Russia has clearly gained a lot from the failure of the revolts and the reinforcement of authoritarian orders that followed those failed region-wide uprisings. To understand trends in the Middle East it’s important to understand the political situations in the three Middle Eastern bellwether states: Egypt, Iran and Turkey. In all three countries Russia has been gaining significant influence.After a seven month fallout with Turkey following the November 27 shoot-down incident (which Turkish President Recep Tayyip Erdoğan apologized for in a letter sent to Moscow in June) the Kremlin has began to restore ties with that country. Turkey has even agreed to cooperate with the Russians in Syria despite their long-held aversion to Russia’s ally in Damascus. This comes as Turkey is becoming more distrustful of, and estranged from, the US – which has been home to Fethullah Gulen, the cleric Turkey accuses of orchestrating the failed coup last month, since 1999. Washington has expressed worry over Turkey’s post-coup crackdown while Moscow simply welcomed the restoration of ties and spoke out against the coup attempt as it took place. Something Erdogan personally thanked Russian President Vladimir Putin for during his recent visit to Russia which, incidentally, was his first trip abroad since the failed coup.

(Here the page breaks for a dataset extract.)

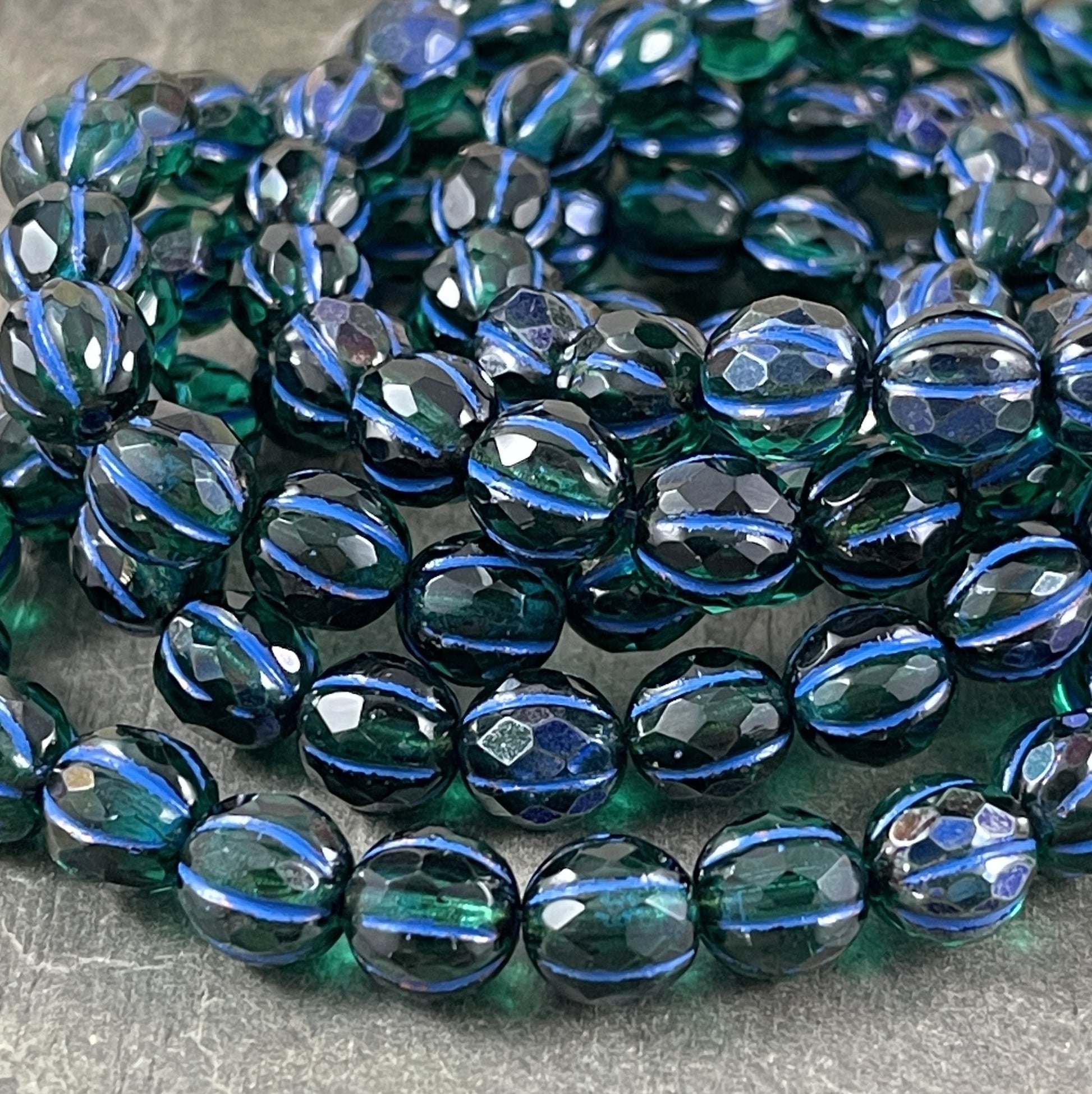 8mm Faceted Blue Green Faceted Melon Shape Beads ~ Czech Glass Beads ~ Emerald and Cobalt with Blue Wash (8FM/N-1781) * Qty. 10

We may see a situation develop in the near future whereby Turkey will enhance its already substantial economic ties with Russia and perhaps even cooperate more with them in the military arena given their distrust of Washington and desire to avoid relying solely on its NATO allies. We saw an earlier indication of this when Turkey sought to buy long-range Chinese-made anti-aircraft missiles two years ago only to be warned by American and European companies who have joint military projects that their “partnership in certain fields will be over” if they purchased such missiles. Consequently that deal was scrapped, but the fact that Turkey was and has been seeking, for some time now, to diversify its military and bolster its domestic arms industry is very telling (see also “Turkey’s growing domestic arms industry“, offiziere.ch, 21.05.2016).

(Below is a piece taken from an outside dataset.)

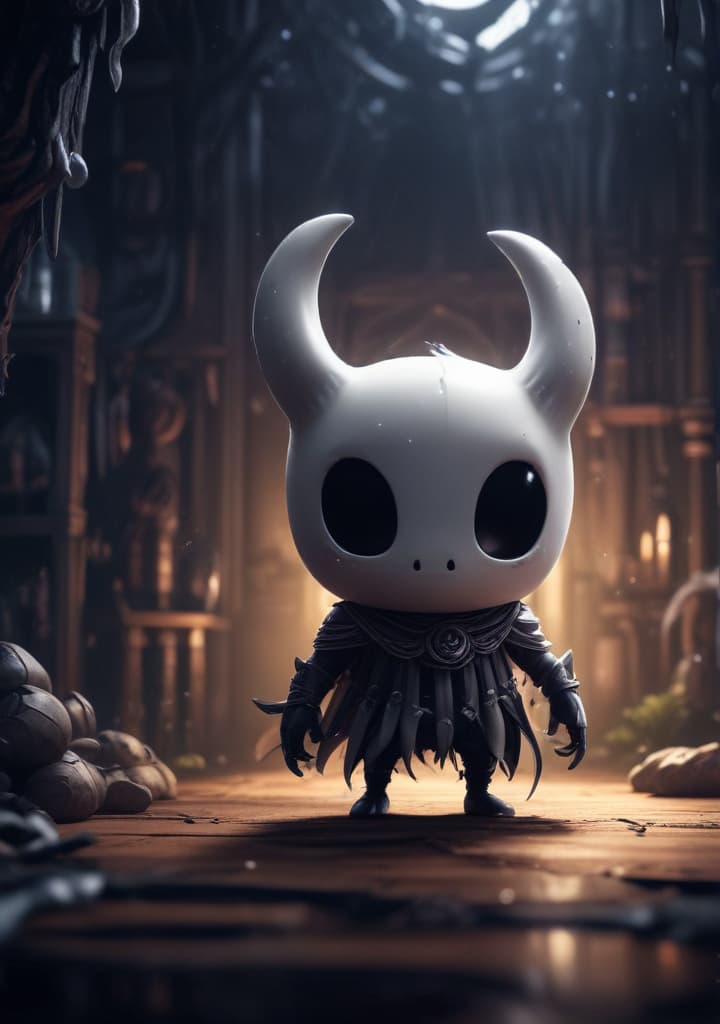 wallpaper about the game hollow Knight highly detailed,studio lighting,professional,vivid colors, cinematic lighting, HDR, UHD, 4K, 8k, 64K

A not too dissimilar trend has been unfolding with Egypt in recent years. While a long-time US ally, the current regime of President Fatah el-Sisi in Cairo – born of the July 2013 military coup he led before becoming president – knows it cannot rely on Washington given its authoritarianism and rampant human rights abuses. So, Sisi has enhanced ties with Moscow, reportedly ordering a fleet of 46 Russian MiG-29 Fulcrums to diversify its air force, which mostly consists of American technology, so it can remain a formidable power if the day comes when Washington threatens to place an arms embargo on Cairo as part of an attempt to sanction it for its abuses.

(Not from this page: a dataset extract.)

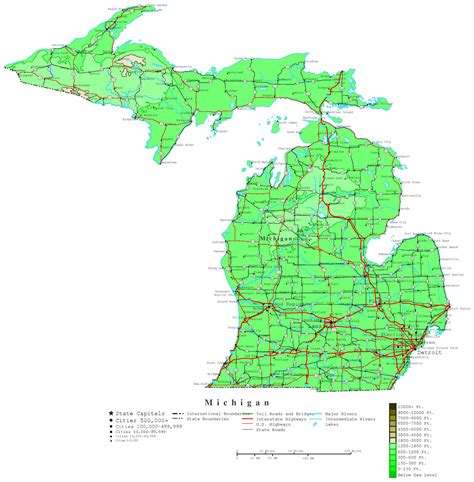Michigan Contour Map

On top of this, Iran and Russia are working more closely in the region. In a meeting in early August Putin and the Iranian President Hasan Rouhani met in the Azerbaijani capital Baku for a summit in which Putin said that Moscow-Tehran relations have reached the point of strategic cooperation from the economy to politics. Neither of them want to see the Syrian regime toppled nor the Americans and their NATO allies becoming the predominant foreign power in the region. Also Russia is in the process of delivering Iran advanced S-300 long-range air defense missiles and possibly even a sophisticated fleet of Su-30 Flanker air superiority jet fighters. Possession of both weapon systems would substantially enhance Iran’s ability to defend its airspace and deter adversaries.Strategic cooperation between Moscow and Tehran was aptly demonstrated on August 16 when Russian Tu-22 supersonic bombers, along with Su-34 Fullback fighter bombers, took off from the Hamedan airbase in the western Iranian city of Hamadan and bombed targets in Syria. Basing these strike aircraft in Iran shortened the flight distance of that bombing run from approximately 2,000 to 700 kilometers. The aircraft were also, notably, escorted by Su-30 and Su-35 Flanker air superiority jet fighters based in the Russian airbase in Khmeimim near Latakia in western Syria throughout that strike. That was the first time Russian aircraft operated from Iran throughout this campaign and underscores the extent of the two countries increased cooperation in recent months.
While Russian power and influence in the region may not be predominant, it certainly is a lot stronger and more formidable than it was just a short few months ago.